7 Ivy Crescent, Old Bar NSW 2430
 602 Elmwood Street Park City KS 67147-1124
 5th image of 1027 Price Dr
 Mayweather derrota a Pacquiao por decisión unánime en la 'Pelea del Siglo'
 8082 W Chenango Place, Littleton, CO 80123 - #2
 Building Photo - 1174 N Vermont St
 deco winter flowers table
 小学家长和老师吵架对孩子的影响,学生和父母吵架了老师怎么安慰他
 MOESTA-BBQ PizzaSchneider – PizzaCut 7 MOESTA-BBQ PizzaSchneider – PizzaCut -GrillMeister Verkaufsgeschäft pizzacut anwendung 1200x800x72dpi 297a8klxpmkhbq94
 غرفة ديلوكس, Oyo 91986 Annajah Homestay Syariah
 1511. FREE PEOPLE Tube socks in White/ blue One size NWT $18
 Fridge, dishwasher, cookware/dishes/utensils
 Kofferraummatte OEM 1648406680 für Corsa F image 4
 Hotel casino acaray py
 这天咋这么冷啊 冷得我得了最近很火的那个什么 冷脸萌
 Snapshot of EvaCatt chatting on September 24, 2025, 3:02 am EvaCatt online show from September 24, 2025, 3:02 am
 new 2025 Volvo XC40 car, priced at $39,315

> [Exercise brief]: Check every line above for the string "image" and copy those that have it.

> [Expected output]:
 5th image of 1027 Price Dr
 Kofferraummatte OEM 1648406680 für Corsa F image 4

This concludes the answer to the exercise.